DIRECTIONS: Line count for "size": say how many lines of the data contain it, with no other text.

Dataset records:
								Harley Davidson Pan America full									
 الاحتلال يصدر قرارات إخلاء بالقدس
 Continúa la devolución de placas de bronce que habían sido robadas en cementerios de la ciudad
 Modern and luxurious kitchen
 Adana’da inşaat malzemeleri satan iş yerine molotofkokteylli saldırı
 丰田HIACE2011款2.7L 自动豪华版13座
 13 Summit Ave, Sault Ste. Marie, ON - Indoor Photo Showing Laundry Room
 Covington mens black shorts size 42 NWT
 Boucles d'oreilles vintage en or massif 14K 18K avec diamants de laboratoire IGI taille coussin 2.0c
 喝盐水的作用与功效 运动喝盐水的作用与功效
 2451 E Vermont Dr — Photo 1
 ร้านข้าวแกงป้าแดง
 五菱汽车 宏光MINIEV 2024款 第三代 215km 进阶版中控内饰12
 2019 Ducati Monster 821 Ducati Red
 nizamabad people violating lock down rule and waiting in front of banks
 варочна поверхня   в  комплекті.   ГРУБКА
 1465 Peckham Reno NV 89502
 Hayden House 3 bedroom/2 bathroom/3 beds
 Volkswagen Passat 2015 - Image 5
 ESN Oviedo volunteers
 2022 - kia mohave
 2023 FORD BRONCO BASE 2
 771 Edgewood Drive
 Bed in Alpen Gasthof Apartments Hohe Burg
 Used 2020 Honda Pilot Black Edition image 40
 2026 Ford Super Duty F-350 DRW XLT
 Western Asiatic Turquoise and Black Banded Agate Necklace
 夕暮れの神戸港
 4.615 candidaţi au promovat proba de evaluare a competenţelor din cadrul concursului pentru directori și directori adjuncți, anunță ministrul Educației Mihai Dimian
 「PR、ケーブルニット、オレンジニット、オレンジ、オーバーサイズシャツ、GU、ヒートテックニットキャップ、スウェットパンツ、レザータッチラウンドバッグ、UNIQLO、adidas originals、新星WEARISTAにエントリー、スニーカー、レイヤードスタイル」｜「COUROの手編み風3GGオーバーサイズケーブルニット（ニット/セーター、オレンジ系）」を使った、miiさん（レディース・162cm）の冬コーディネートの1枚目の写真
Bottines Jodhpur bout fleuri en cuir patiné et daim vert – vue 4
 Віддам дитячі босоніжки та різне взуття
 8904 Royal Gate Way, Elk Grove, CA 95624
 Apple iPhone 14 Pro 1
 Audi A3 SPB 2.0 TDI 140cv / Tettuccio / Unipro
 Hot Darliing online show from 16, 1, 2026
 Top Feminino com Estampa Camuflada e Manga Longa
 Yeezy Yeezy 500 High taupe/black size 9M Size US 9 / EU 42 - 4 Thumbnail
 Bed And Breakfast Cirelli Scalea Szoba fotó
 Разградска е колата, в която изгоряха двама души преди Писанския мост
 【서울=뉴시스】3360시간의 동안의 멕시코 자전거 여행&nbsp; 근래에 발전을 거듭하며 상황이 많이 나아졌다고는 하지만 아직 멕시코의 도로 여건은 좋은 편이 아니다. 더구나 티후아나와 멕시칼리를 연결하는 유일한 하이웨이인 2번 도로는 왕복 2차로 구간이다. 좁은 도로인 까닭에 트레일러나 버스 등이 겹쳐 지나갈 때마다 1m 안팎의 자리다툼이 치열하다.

SOLUTION TO THIS PROBLEM: 2